Know and implement all required standards  in the URAC accredited Case Management process.
Receives member information, analyze the information, inputs in database, and determine appropriate staff to receive information.
Researches information using various databases such as Customer Service Work Station, Data Warehouse, GCPS, Amisys, FEP Direct, BlueCard, etc.
Builds and maintains positive working relationships with external and internal customers..
Safeguards confidential and sensitive proprietary information.
Independently refers  to case managers/other internal resources for follow-up in regards to questions, complaints, claims/customer service issues, potential health education referrals, members, and providers.
Analyzes system results and reports for accuracy and consistency.
Conducts special data gathering and analysis as required.
Identifies and formulates solutions to business problems through the use of data processing concepts and other concepts as necessary.
Collaborates with external public agencies, vendors, and providers, and internal departments to achieve Case Management goals and objectives.

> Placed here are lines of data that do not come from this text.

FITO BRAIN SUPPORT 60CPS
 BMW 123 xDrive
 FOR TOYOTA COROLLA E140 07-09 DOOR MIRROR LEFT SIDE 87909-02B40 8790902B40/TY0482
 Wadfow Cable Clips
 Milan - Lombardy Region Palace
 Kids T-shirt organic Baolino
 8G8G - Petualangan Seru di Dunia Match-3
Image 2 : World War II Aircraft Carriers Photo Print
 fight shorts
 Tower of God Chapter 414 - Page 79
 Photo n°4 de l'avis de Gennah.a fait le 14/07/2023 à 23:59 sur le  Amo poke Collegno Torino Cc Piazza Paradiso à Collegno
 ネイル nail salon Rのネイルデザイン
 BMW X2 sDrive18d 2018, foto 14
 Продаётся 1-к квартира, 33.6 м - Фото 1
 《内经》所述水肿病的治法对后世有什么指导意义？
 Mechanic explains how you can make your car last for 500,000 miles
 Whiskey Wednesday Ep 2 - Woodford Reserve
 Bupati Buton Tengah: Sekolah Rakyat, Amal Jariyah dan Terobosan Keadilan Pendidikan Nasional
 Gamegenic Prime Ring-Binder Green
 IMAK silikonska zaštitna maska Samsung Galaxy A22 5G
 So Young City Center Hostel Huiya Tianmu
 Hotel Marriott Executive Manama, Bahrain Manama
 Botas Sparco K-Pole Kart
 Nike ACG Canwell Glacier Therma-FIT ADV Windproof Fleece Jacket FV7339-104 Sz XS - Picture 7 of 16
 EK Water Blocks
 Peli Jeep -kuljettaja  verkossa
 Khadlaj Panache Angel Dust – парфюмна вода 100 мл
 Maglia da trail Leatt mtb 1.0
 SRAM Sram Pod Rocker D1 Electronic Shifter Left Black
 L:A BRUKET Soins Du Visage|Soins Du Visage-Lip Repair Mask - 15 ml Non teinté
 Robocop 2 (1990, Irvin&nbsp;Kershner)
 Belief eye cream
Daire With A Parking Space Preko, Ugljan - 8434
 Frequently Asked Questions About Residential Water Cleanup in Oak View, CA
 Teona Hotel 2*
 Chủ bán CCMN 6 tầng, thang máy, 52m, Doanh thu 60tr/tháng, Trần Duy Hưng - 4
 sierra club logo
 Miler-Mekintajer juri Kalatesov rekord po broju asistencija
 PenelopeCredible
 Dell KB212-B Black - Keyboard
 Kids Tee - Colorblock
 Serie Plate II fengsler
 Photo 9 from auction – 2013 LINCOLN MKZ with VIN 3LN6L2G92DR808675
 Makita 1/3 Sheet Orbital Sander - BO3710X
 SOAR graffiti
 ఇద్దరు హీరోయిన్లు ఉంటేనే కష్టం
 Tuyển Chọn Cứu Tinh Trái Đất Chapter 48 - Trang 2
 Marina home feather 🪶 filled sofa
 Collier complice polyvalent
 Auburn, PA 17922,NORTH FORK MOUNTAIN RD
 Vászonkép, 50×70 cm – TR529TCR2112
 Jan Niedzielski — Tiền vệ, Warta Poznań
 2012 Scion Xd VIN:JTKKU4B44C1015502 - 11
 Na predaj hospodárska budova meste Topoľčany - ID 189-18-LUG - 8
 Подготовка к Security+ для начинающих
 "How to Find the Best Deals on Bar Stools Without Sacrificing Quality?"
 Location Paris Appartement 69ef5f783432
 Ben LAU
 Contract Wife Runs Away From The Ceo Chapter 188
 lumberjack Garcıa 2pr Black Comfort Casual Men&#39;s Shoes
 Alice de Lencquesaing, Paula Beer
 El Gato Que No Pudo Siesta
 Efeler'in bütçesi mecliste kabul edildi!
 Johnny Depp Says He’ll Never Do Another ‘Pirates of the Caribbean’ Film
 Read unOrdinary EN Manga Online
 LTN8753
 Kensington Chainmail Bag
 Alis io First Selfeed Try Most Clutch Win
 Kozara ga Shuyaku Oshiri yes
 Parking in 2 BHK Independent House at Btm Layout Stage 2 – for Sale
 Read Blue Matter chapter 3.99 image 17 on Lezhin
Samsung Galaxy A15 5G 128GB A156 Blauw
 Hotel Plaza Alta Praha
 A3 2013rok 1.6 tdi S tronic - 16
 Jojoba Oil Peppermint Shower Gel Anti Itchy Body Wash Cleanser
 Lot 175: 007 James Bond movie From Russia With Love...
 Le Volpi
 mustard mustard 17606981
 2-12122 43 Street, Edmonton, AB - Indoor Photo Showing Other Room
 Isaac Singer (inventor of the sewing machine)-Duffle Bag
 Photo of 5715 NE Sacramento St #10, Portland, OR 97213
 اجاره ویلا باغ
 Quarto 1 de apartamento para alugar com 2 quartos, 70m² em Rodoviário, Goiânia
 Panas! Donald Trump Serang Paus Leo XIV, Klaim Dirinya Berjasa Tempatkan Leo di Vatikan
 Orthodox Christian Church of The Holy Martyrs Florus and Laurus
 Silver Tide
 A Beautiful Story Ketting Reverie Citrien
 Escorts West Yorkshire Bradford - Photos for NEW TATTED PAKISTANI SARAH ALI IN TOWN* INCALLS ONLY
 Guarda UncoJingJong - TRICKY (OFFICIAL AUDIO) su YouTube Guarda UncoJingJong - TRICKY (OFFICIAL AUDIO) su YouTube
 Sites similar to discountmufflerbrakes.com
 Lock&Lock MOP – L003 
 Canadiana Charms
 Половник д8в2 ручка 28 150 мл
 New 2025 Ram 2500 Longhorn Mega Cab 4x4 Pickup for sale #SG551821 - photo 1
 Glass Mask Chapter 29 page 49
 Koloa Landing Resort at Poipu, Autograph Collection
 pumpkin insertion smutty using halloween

Interaction can be informally through telephone conversations or informal meetings.
Actively participates in the continuous planning process improvement of this position and processes of the division related to Case Management Program procedures.
Responsible for developing the process for training and the ongoing training of team members when indicated.
Develops processes for reporting to supervisor the status of all assigned tasks.
Is knowledgeable of company functions to the level necessary to accomplish assigned tasks and adheres to corporate and regular business systems standards and policies.
Establishes and maintains a cooperative and productive environment with all user division contacts.
Assist customers (internal and external) with issues such as referral inquires, benefits information for case managed clients in all lines of business under the Plan, and services provided related to the Case Management Program.
Provide other duties as assigned by the Case Management Supervisor and/or Manager.